Wireless Concrete Monitoring: Embedded vs. Non-Embedded Bluetooth® Transmitters
The maturity method, often simply referred to as maturity, is a way of evaluating new concrete’s in-place strength by relating time and temperature measurements to actual strength values. Typically, in-situ strength estimation is achieved through standard test methods which involve flexural or compressive tests of beam or cylinder specimens. However, concrete in the field does not always gain strength at the same rate as test specimens. Maturity testing addresses this guesswork and can prove if on-site concrete has achieved required strength and whether or not formwork removal and load application is feasible.
In the past, maturity testing has been performed by placing sensors into fresh concrete and then connecting a data logger or other maturity reader directly to each sensor to retrieve and analyze the data. In recent years, Bluetooth® technology has been incorporated into concrete maturity systems to ease data collection and allow for wireless sharing.
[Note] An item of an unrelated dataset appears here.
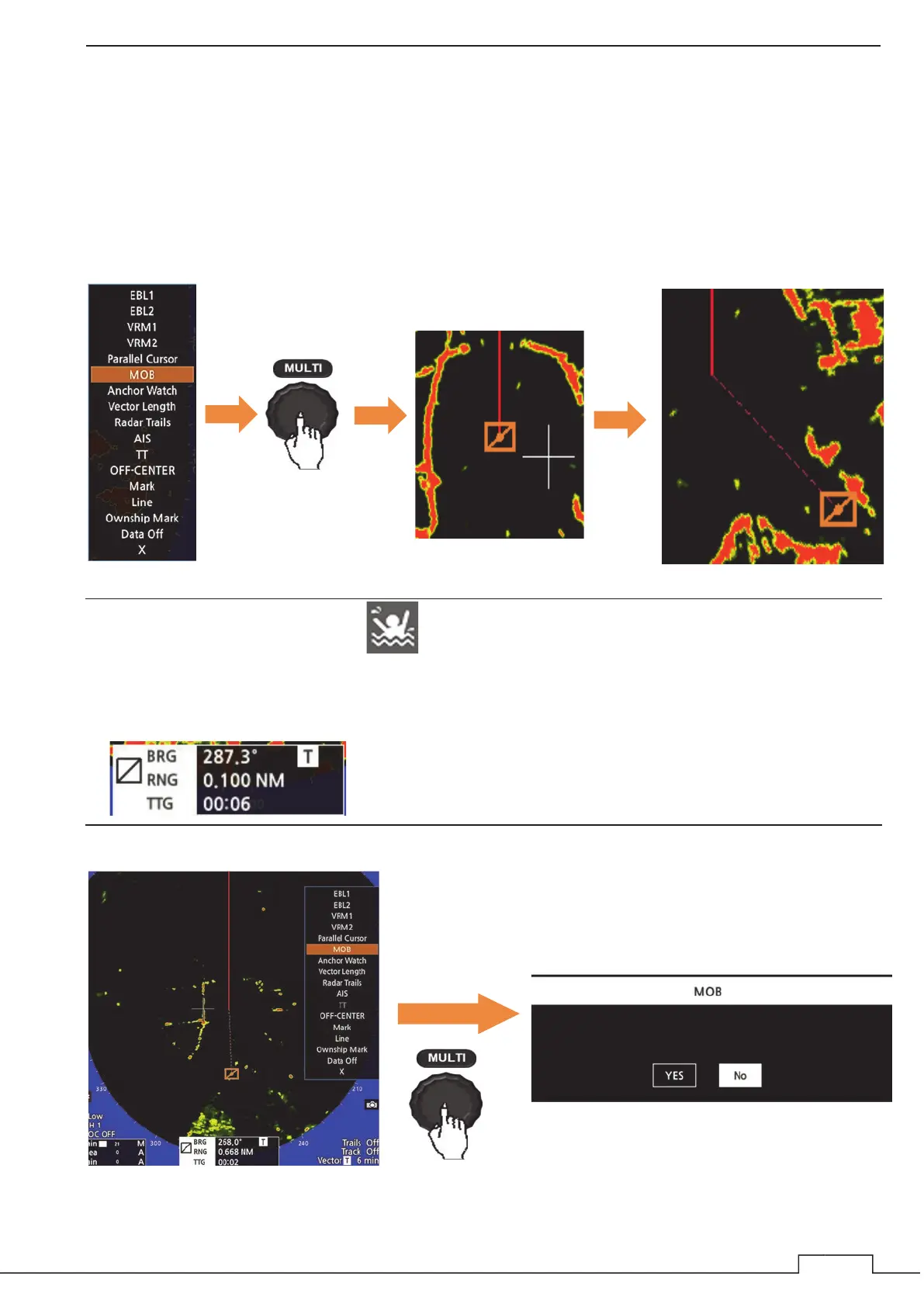 Page #105 background image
Bluetooth provides the ease of immediate connection between electronic devices such as mobile phones, computers, and wired sensors. However, Bluetooth does have some limitations. Bluetooth uses a 2.4GHz frequency to transmit data and frequently competes with other radio waves for transmitting information to its receiving device. Other devices that operate under a similar frequency include microwaves, wireless speakers, satellite dishes, monitors, cameras, cordless phones, power lines, and power stations. Water is an additional substance that can reduce the Bluetooth signal, so weather disturbances and even humans (with a significant volume of water in our bodies) standing between the transmitter and the receiver will slow down or inhibit the connection.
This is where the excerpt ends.